◆ **Task objective**
Retype each line below precisely and omit all images.

Start of Data extract

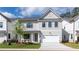 Charming two-story home with a modern design, featuring light gray siding, black trim, and a well-manicured front lawn at 1514 Gatekeeper Ter, Marietta, GA 30066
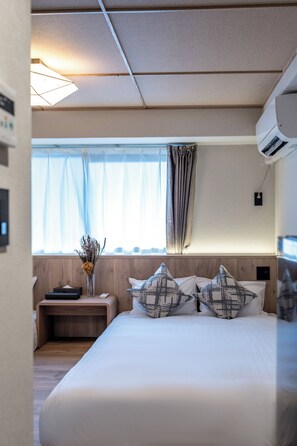 Quarto duplo, 2 camas de casal, para não fumantes | Cortinas blackout, Wi-Fi de cortesia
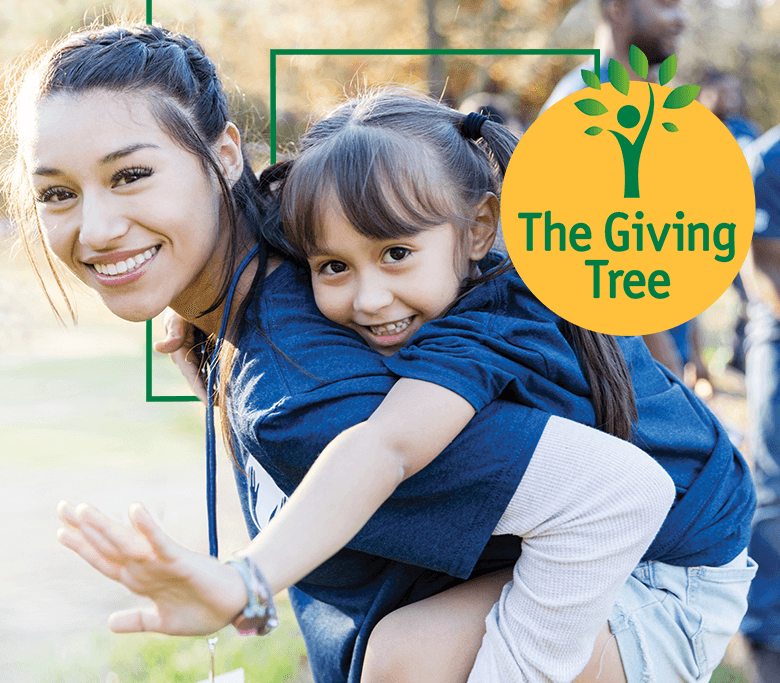 A woman outside with a braid in her hair giving a piggy back ride to a girl with pigtails and bangs who is waving toward the camera.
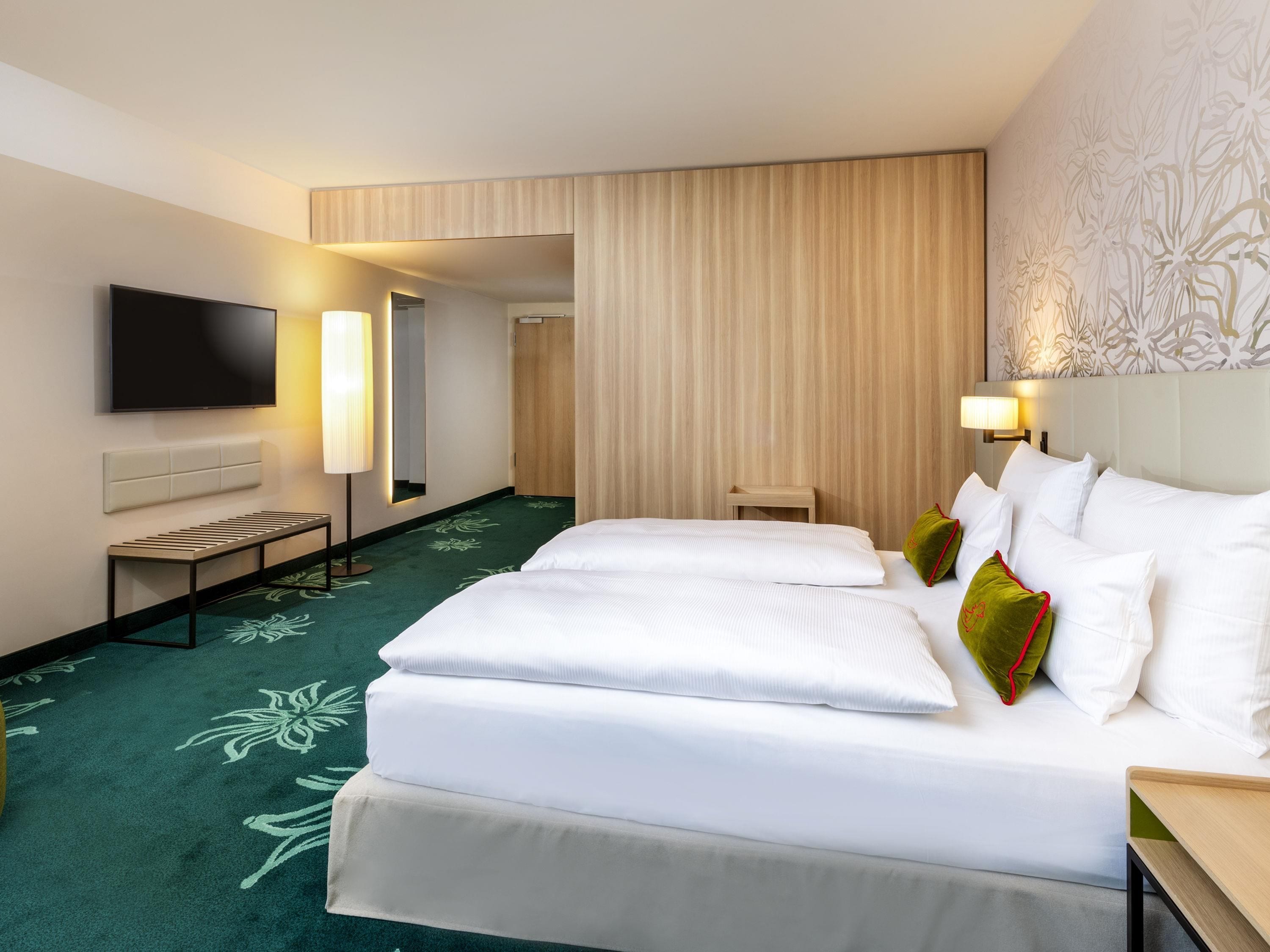 Una habitación de hotel con una cama, un televisor, una mesita de noche y una lámpara.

End of Data extract

◆ **Answer section**
 Charming two-story home with a modern design, featuring light gray siding, black trim, and a well-manicured front lawn at 1514 Gatekeeper Ter, Marietta, GA 30066
 Quarto duplo, 2 camas de casal, para não fumantes | Cortinas blackout, Wi-Fi de cortesia
 A woman outside with a braid in her hair giving a piggy back ride to a girl with pigtails and bangs who is waving toward the camera.
 Una habitación de hotel con una cama, un televisor, una mesita de noche y una lámpara.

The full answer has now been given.